AB 1395 would enshrine in law California’s ambitious climate goals first set by former Governor Brown in 2018 and backed up by Governor Newsom. As the LA Times recently noted in an editorial in favor of the bill, Executive Orders do not have the force of law. We need legislative action to cement the state’s commitment to achieving net zero greenhouse gas emissions by 2045 or sooner, and to maintaining net negative emissions every year thereafter. Climate scientists have determined that we must reach net zero greenhouse gas emissions by mid-century to avoid the worst impacts of climate change.
Additionally, AB 1395 would require steep reductions in greenhouse gas emissions—90 percent from 1990 levels by 2045—and accelerate efforts to reduce the burning of fossil fuels, which will also improve air quality and public health. AB 1395 would set concrete, achievable goals and put in place mechanisms to work toward those goals while monitoring actual results and providing for accountability and public transparency.
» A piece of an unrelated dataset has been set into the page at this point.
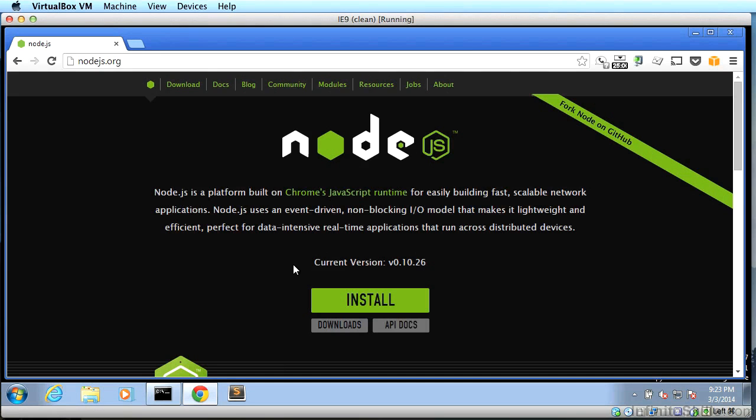In this video, I'm going to give you a short explanation of what Node.js is, why we need it, and how to install it.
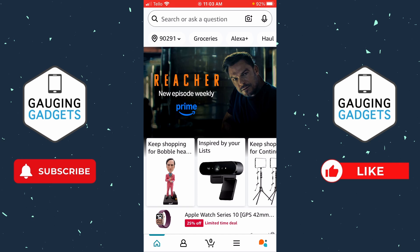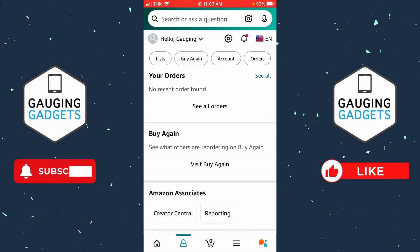So when we open up the Amazon app, the first thing we want to do is from the home screen where you see the bottom menu, select the person icon. Then in the top right next to the bell, you'll see a flag — go ahead and select the flag.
Although 2045 seems like a long way off, the state must take aggressive action and get started now on the strategies that will be needed to hit that goal. AB 1395 provides legislative direction to bolster and guide the work of the Air Resources Board (ARB) as it works on updating the Scoping Plan.
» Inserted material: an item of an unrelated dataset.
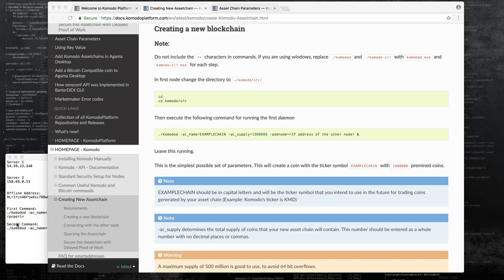Hi everyone, this is Charles from Chainzilla. I'm here to show you how to create a blockchain in less than five minutes on the Komodo platform. With Komodo it's super easy to launch a blockchain, and if you navigate to docs.komodoplatform.com you'll find all the documentation. When you start reading, you'll see that all you need to execute is one line of code to actually create a blockchain.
Specifically, the bill directs ARB to identify a range of approaches to meet these ambitious goals. It balances concerns and opportunities by requiring ARB to consider both the potential benefits and risks of carbon capture and removal technologies, include robust monitoring and reporting, and to ensure that there are no adverse impacts to local air quality, particularly in low-income and disadvantaged communities. Given the urgency of the crisis, we need to consider every viable option to reduce and sequester greenhouse gases quickly, safely, and affordably.
NRDC is ready to continue the fight and looks forward to working with our allies in the clean energy business community, other environmental groups, health and faith organizations, and environmental justice partners on next steps this fall. We are grateful for the work of AB 1395’s authors and co-authors; Assembly Members Muratsuchi, C. Garcia. L. Rivas, Holden, McCarty, R. Rivas, Stone and Senators Allen, Becker, Gonzalez, Laird, Leyva, Limón, Skinner, Stern and Wiener. And we urge legislative leadership and Governor Newsom to roll up their sleeves and work with us on an ambitious climate agenda for 2022.